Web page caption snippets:
------

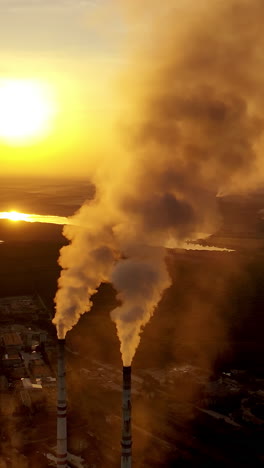 aerial view on the industrial factory. power plant near the river on the natural landscape at sunset. large pipes with smoke in the evening. vertical video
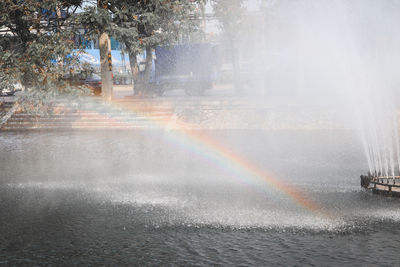 Scenic view of rainbow over sea in city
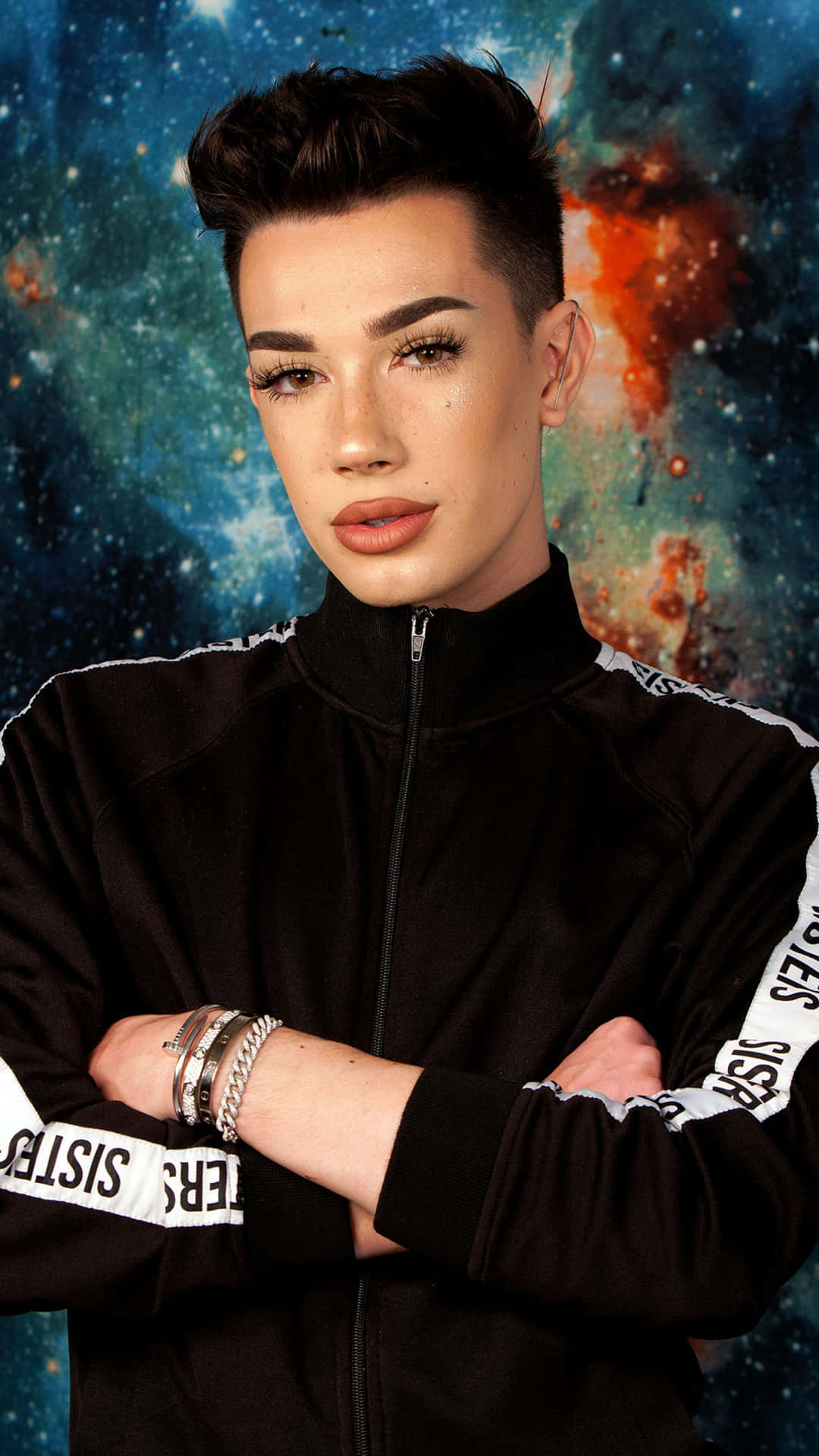 A Young Man In A Black Jacket Standing In Front Of A Space Background Background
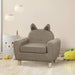 Kids chair, brown eucalyptus wood, ear-shaped backrest, in cozy playroom setting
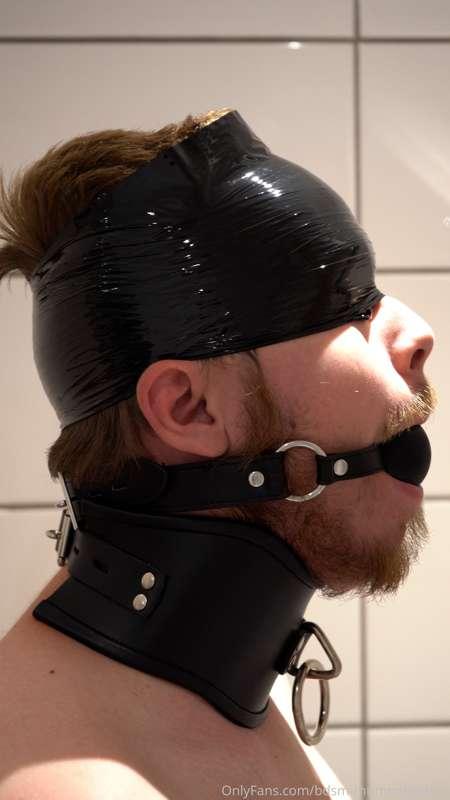 Simple setup, strict collar, ball gag and a "hat" of plastic..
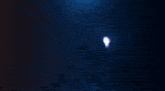 a glowing circle with smoke coming out of it on a dark blue background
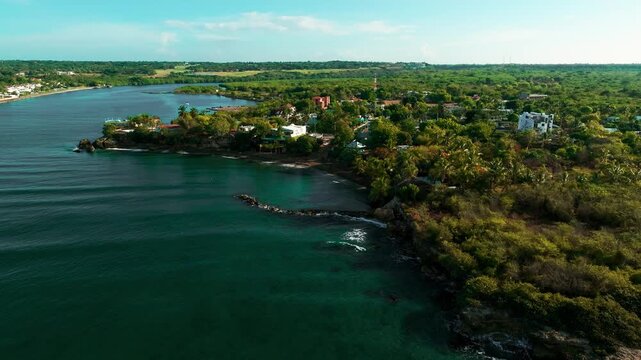Aerial view of the Boca Chavon river mouth meeting the Caribbean Sea, surrounded by lush tropical vegetation and coastal buildings in La Romana, La Romana, Dominican Republic.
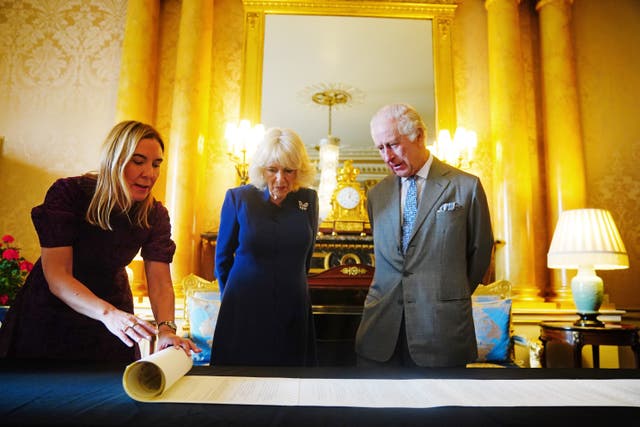 <p>King Charles III and Queen Camilla are presented with the Coronation Roll, an official record of their Coronation</p>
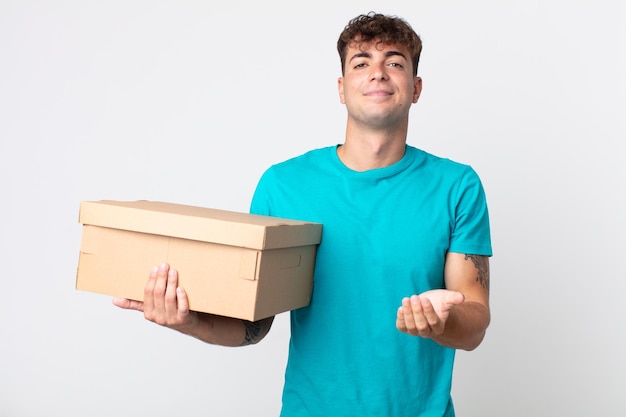 Jovem bonito sorrindo feliz com simpatia e oferecendo e mostrando um conceito e segurando uma caixa de papelão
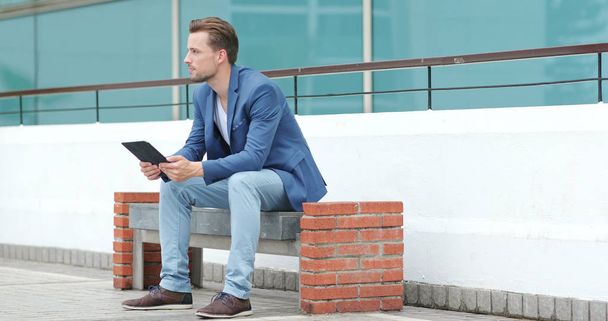Caucasian Businessman using tablet computer at outdoor - 写真・画像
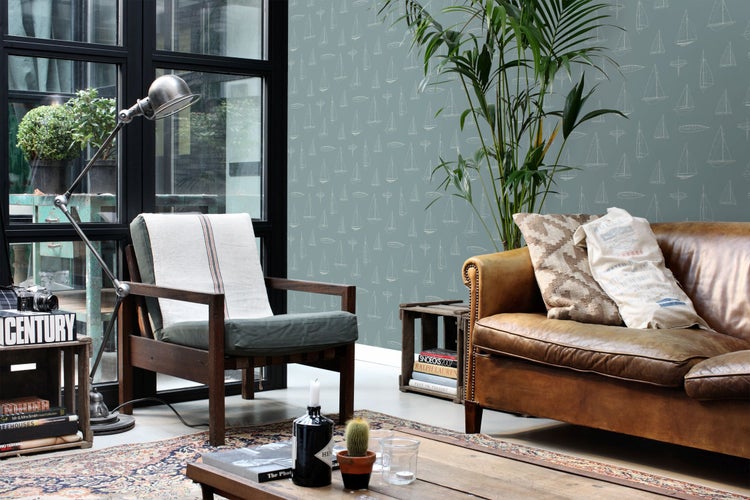 Vliestapete mit Segelboot-Muster in einem hellen Wohnzimmer im Vintage-Stil mit Ledersofa, Holzmöbeln und Zimmerpflanzen.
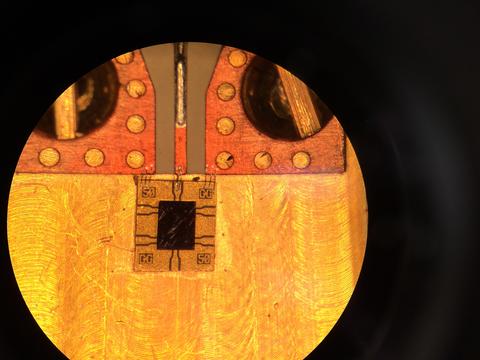 Photodiode Flat, round shape in various shades of orange color, with copper wiring and other decorations covering the top third and a small, square black object surrounded by a gold frame in the center.
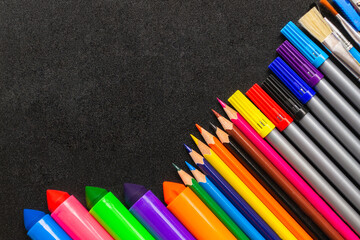 Frame from pencils and felt-tip pens on chalk background. Back to school and new academic year concept. Copy space, place for text.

------

Please output the lines above beginning at the line with "Simple setup, strict" and ending after the line with "<p>King Charles III", precisely as written and with no pictures.

### Completed exercise
 Simple setup, strict collar, ball gag and a "hat" of plastic..
 a glowing circle with smoke coming out of it on a dark blue background
Aerial view of the Boca Chavon river mouth meeting the Caribbean Sea, surrounded by lush tropical vegetation and coastal buildings in La Romana, La Romana, Dominican Republic.
 <p>King Charles III and Queen Camilla are presented with the Coronation Roll, an official record of their Coronation</p>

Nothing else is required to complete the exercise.